Russian officials have sharply criticized NATO and other Western institutions for their positions on the Georgian crisis.
A Foreign Ministry spokesman, Andrei Nesterenko, Friday accused the alliance of having in recent years "repeatedly and demonstratively" ignored both the United Nations and international law. He said NATO has no moral right to criticize Russian policies.
On Wednesday, the alliance criticized Russia's decision to recognize the independence of Georgia's breakaway regions of Abkhazia and South Ossetia. It urged Moscow to reverse the action.
Russian diplomats also have accused the Group of Seven leading industrialized nations of being "biased" in condemning the Moscow decision. The Russians accuse the G7 of justifying "Georgian acts of aggression." G7 ministers said the Russian decision calls into question Moscow's "commitment to peace and security in the Caucasus."

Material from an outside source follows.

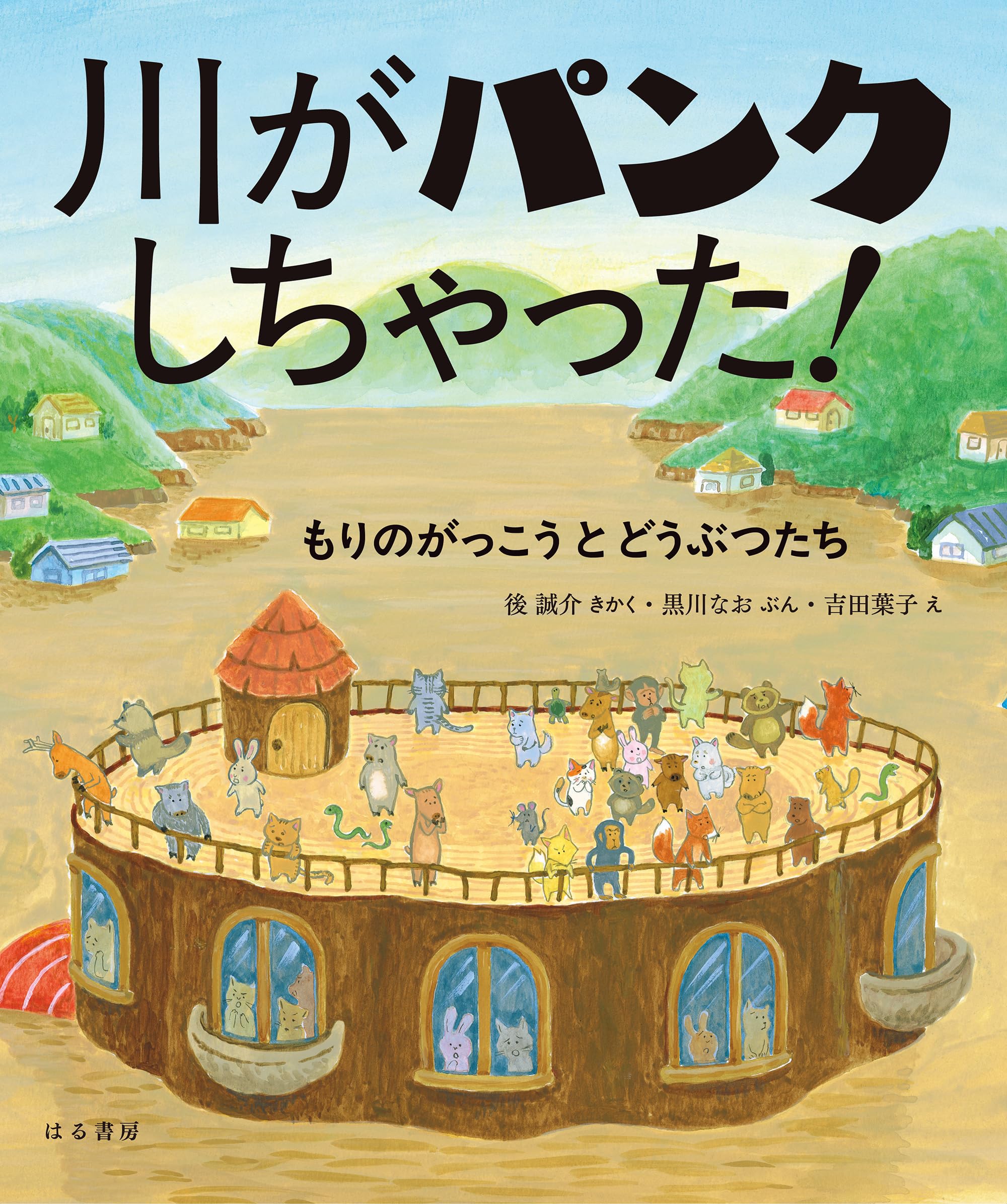 川がパンクしちゃった！ もりのがっこう と どうぶつたち | 後 誠介 き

In Tbilisi Friday, Georgia's Deputy Foreign Minister Grigol Vashadze told reporters his country will cut diplomatic ties with Moscow.
On Thursday, the United States rejected allegations from Russian Prime Minister Vladimir Putin that the U.S. orchestrated the crisis in Georgia.
In an interview, Mr. Putin suggested the United States encouraged Georgia to attack the breakaway region of South Ossetia to benefit one of the U.S. presidential candidates.
French diplomats say Monday's European Union summit is not likely to impose sanctions on Russia in response to the Georgian crisis. French Foreign Minister Bernard Kouchner raised the sanctions issue Thursday.
Georgian troops went into South Ossetia August 7 to try to retake control of the breakaway region. Russia replied with tanks and thousands of troops, saying it had to protect Russian citizens there.
Some information for this report was provided by AFP, AP and Reuters.